In the statewide fight to lower school dropout rates, success stories are relatively rare, but we’ve got one in St. Clair County.
In 2002-03, the St. Clair County Regional Educational Service Agency opened its Academic Transitional Academy in the former Ruth Bacon Elementary School in Port Huron Township. Today, seven years later, the hard numbers show it is making a real difference in keeping kids in school.
Each year, the academy serves 200 ninth- and 10th-grade students throughout St. Clair County who struggled in middle school. More students fail the ninth grade than any other grade in high school.
The Academic Transitional Academy’s curriculum is specifically designed to address the needs of its students — in ways far more difficult to implement in a traditional school setting.
Teachers do not use textbooks. Instead, they use real-world issues to help students focus on the Michigan Merit Curriculum grade-level expectations in mathematics, science and English.
Teachers develop project ideas relevant to students. They also work cooperatively on larger-scale projects that cut across the different classes. After two years in the academy, these students move back to their home high schools for the 11th and 12th grades.

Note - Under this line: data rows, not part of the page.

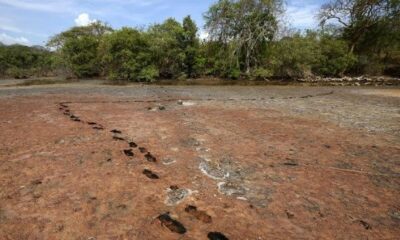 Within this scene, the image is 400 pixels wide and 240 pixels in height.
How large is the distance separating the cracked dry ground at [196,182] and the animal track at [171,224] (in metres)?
0.01

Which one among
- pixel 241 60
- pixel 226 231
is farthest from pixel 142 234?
pixel 241 60

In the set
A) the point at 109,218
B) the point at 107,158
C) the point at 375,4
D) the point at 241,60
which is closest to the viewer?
the point at 109,218

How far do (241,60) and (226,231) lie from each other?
26.9 metres

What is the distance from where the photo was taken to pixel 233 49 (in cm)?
2736

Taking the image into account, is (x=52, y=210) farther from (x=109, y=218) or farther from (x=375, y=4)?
(x=375, y=4)

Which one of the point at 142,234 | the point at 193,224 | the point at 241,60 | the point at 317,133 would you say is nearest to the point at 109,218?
the point at 142,234

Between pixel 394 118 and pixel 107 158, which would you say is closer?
pixel 107 158

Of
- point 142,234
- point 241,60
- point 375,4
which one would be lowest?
point 142,234

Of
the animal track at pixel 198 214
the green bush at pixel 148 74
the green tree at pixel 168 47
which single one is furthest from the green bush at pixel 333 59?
the animal track at pixel 198 214

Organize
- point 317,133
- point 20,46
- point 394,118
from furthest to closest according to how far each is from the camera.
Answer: point 20,46 → point 394,118 → point 317,133

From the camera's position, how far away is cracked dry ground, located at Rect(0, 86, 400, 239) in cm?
281

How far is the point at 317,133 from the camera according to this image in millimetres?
6191

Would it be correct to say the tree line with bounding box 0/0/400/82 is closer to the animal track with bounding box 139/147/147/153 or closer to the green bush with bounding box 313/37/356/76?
→ the green bush with bounding box 313/37/356/76

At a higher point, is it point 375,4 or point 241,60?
point 375,4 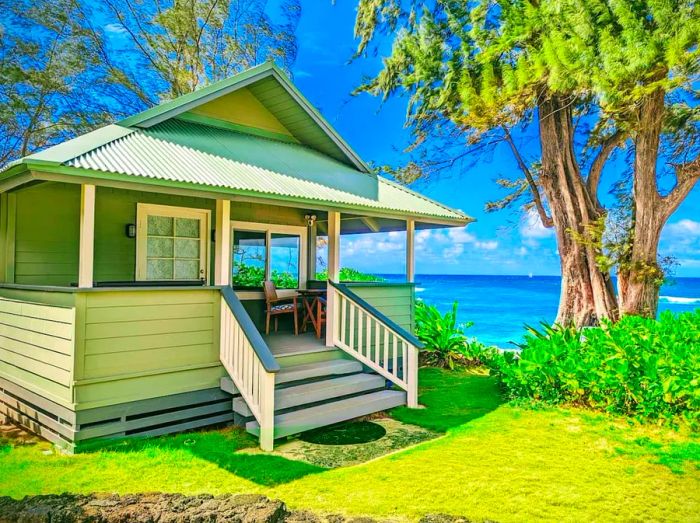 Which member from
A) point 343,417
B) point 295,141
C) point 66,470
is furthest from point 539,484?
point 295,141

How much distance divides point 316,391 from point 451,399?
2.52m

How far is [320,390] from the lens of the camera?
20.3ft

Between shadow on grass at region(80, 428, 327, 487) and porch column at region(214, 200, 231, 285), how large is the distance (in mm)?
1917

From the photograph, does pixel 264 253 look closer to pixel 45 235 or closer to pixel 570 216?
pixel 45 235

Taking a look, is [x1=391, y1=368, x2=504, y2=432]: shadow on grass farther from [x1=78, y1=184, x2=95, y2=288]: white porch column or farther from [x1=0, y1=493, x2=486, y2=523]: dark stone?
[x1=78, y1=184, x2=95, y2=288]: white porch column

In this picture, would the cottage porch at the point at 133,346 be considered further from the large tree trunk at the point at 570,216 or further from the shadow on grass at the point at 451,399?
the large tree trunk at the point at 570,216

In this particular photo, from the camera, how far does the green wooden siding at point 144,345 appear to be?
5.15 meters

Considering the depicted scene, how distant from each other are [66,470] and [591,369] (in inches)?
247

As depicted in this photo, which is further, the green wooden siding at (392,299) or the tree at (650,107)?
the green wooden siding at (392,299)

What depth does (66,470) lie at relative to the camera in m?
Answer: 4.60

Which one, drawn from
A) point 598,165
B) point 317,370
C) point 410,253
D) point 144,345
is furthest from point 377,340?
point 598,165

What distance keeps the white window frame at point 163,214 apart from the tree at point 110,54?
10677 millimetres

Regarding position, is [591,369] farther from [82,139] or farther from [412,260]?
[82,139]

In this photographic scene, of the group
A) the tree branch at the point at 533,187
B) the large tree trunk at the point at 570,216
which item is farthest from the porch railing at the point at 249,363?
the tree branch at the point at 533,187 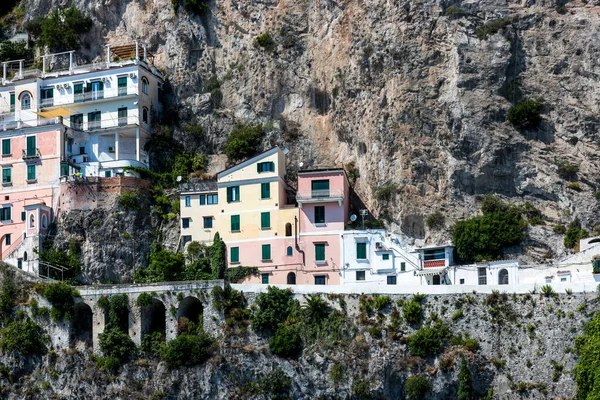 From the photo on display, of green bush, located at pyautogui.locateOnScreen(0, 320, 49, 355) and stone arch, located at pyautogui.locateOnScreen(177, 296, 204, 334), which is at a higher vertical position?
stone arch, located at pyautogui.locateOnScreen(177, 296, 204, 334)

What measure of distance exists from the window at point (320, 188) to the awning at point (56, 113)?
60.9 ft

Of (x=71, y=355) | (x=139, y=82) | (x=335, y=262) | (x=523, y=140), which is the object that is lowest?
(x=71, y=355)

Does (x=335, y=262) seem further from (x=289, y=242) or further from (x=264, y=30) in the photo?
(x=264, y=30)

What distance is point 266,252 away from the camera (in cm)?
6938

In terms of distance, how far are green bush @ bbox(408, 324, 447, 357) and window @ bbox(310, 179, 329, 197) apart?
1146 centimetres

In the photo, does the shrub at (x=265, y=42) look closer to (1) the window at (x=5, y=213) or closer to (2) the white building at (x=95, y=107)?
(2) the white building at (x=95, y=107)

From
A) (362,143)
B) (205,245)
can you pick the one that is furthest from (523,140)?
(205,245)

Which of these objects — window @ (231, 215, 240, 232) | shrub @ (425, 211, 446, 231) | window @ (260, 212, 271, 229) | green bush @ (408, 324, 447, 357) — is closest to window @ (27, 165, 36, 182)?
window @ (231, 215, 240, 232)

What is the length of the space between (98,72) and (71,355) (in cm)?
2072

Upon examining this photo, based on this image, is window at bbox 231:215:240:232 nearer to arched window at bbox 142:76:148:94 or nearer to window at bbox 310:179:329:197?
window at bbox 310:179:329:197

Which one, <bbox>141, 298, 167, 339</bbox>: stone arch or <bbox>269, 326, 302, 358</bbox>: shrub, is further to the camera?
<bbox>141, 298, 167, 339</bbox>: stone arch

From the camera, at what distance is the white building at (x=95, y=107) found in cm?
7638

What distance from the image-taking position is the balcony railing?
6894 centimetres

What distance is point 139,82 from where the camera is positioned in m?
77.1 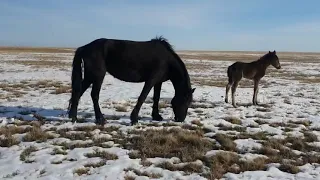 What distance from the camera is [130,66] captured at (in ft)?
31.1

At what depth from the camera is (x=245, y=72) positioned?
1423 cm

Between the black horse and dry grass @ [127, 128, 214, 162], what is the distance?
4.98 ft

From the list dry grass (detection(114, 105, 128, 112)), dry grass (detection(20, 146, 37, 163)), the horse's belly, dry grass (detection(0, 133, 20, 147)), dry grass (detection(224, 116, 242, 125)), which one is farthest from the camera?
dry grass (detection(114, 105, 128, 112))

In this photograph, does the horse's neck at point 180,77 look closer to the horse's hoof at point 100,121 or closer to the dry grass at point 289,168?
the horse's hoof at point 100,121

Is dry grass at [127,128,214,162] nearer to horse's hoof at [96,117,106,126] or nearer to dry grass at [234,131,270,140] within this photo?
dry grass at [234,131,270,140]

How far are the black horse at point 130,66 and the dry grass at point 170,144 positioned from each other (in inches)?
59.8

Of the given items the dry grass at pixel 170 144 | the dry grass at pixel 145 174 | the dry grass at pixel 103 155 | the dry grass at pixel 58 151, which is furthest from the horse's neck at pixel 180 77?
the dry grass at pixel 145 174

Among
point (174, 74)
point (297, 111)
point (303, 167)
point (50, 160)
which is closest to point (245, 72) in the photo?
point (297, 111)

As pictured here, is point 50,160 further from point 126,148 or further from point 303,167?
point 303,167

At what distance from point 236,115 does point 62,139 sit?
5.90 meters

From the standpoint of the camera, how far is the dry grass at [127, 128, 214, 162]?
680 centimetres

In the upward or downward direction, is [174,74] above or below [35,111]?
above

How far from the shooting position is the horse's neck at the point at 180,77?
9.88 meters

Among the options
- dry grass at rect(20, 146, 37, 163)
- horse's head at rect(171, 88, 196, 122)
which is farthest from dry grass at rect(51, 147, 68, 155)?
horse's head at rect(171, 88, 196, 122) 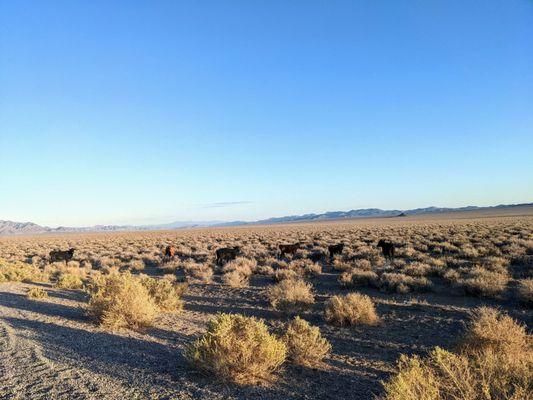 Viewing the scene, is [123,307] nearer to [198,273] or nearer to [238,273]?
[238,273]

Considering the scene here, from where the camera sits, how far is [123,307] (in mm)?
9203

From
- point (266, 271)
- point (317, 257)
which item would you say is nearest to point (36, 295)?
point (266, 271)

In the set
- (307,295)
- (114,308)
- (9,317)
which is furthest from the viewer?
(307,295)

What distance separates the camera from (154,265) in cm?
2434

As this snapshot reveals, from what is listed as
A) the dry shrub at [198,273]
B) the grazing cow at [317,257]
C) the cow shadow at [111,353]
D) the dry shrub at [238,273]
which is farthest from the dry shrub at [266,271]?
the cow shadow at [111,353]

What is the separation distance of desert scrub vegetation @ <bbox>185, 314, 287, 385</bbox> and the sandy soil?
193 millimetres

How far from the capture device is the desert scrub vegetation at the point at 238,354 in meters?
5.81

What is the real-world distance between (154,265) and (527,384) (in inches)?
872

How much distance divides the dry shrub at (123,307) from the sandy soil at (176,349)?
0.33 meters

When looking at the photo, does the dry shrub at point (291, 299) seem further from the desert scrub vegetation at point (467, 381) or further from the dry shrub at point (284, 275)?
the desert scrub vegetation at point (467, 381)

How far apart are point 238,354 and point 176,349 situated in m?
2.01

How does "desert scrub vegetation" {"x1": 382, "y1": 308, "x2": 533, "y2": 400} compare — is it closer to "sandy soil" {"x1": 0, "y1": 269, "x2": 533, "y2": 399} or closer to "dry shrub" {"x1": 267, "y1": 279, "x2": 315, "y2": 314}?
"sandy soil" {"x1": 0, "y1": 269, "x2": 533, "y2": 399}

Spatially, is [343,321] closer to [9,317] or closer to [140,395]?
[140,395]

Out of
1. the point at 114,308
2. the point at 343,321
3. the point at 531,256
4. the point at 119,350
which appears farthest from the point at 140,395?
the point at 531,256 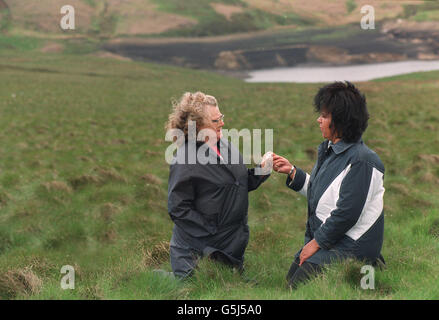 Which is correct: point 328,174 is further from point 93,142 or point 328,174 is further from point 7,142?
point 7,142

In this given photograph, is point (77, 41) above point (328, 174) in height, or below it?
above

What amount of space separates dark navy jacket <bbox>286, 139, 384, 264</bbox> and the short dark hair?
0.47ft

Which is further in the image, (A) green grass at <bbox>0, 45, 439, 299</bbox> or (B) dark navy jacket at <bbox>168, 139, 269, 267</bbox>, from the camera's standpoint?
(B) dark navy jacket at <bbox>168, 139, 269, 267</bbox>

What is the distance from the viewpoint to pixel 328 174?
166 inches

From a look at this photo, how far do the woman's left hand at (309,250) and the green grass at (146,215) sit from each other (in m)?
0.35

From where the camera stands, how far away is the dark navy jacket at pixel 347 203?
13.0ft

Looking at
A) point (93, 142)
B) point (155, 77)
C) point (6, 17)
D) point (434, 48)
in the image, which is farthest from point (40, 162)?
point (6, 17)

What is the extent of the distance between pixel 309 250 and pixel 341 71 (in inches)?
3325

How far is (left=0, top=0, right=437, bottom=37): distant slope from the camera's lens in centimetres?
13288

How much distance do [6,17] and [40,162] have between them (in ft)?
480

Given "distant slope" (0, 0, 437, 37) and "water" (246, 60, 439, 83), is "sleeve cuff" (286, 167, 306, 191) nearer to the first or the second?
"water" (246, 60, 439, 83)

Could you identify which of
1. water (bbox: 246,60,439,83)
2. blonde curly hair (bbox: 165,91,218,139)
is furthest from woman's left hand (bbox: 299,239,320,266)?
water (bbox: 246,60,439,83)

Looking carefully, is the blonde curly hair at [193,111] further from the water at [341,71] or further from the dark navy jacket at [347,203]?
the water at [341,71]

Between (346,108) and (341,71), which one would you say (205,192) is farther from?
(341,71) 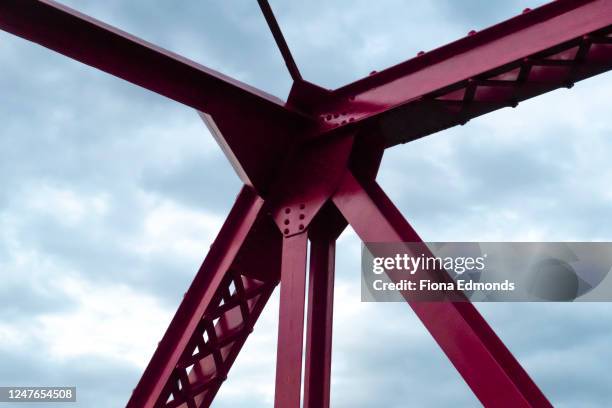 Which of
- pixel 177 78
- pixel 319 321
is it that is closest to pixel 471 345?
pixel 319 321

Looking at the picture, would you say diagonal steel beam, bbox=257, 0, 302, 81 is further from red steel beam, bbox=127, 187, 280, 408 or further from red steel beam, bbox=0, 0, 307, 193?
red steel beam, bbox=127, 187, 280, 408

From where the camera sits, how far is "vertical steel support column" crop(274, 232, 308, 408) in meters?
5.58

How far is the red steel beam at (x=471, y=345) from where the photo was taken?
15.0 feet

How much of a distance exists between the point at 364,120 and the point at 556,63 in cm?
142

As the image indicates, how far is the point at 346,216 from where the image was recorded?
224 inches

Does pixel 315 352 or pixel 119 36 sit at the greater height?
pixel 119 36

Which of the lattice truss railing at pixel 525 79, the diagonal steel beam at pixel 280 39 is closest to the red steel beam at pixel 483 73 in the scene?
the lattice truss railing at pixel 525 79

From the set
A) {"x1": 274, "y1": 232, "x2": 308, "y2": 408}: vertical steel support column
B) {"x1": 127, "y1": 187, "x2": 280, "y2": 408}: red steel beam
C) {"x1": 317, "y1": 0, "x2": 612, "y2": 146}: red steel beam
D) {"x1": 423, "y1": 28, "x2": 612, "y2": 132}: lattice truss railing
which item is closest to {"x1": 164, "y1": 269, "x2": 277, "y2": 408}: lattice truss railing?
{"x1": 127, "y1": 187, "x2": 280, "y2": 408}: red steel beam

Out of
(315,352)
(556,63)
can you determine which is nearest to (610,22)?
(556,63)

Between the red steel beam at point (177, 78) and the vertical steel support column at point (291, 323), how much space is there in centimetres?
63

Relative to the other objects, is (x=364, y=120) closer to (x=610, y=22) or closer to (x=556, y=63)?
(x=556, y=63)

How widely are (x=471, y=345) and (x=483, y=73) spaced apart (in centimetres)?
176

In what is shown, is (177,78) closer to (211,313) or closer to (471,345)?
(211,313)

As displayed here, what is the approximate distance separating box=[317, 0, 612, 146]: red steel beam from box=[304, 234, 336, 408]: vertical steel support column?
90 cm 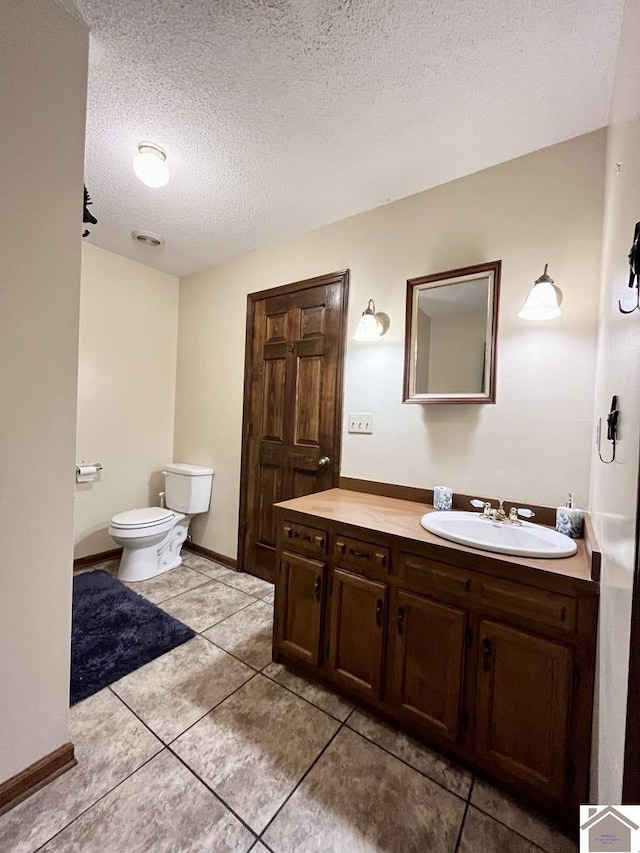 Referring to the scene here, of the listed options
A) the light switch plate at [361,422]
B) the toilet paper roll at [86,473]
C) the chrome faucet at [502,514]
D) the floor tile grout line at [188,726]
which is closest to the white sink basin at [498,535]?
the chrome faucet at [502,514]

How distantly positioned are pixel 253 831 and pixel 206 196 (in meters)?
2.81


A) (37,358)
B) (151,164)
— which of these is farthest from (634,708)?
(151,164)

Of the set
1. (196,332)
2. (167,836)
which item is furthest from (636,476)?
(196,332)

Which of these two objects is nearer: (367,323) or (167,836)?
(167,836)

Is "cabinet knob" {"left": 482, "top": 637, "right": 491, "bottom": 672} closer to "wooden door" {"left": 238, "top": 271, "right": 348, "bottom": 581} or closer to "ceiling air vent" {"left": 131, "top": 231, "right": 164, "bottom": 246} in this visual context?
"wooden door" {"left": 238, "top": 271, "right": 348, "bottom": 581}

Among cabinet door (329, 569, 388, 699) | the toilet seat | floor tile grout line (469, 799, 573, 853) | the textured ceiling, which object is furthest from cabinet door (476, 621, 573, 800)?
the toilet seat

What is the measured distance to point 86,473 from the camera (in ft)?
8.63

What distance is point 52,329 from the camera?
1.09 m

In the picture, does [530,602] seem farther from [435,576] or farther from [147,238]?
[147,238]

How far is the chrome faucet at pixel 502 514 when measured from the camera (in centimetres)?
146

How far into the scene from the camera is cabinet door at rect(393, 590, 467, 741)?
1.20 meters

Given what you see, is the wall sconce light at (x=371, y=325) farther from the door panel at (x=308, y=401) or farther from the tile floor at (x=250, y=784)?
the tile floor at (x=250, y=784)

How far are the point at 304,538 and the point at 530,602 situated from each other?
0.90 metres

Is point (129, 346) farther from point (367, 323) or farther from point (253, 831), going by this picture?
point (253, 831) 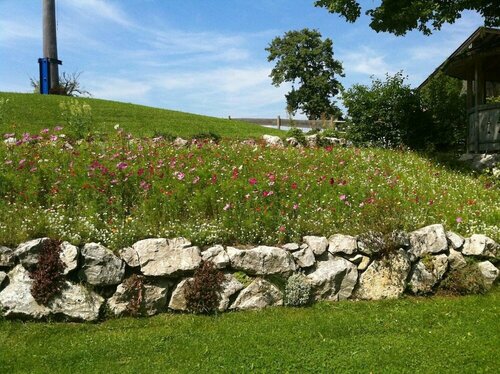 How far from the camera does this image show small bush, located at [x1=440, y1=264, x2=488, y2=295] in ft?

The results speak for themselves:
The dropout rate for academy students who would have been seniors in 2007-08 was nearly half that of a control group of similar students who did not attend the academy. In that year, the control group’s dropout rate was 21.9%, vs. 11.3% from those who attended the academy.
The average grade points of high school students rose between 37% and 62% from eighth to 12th grade, significantly higher than the grade point change of comparable students who did not attend the academy.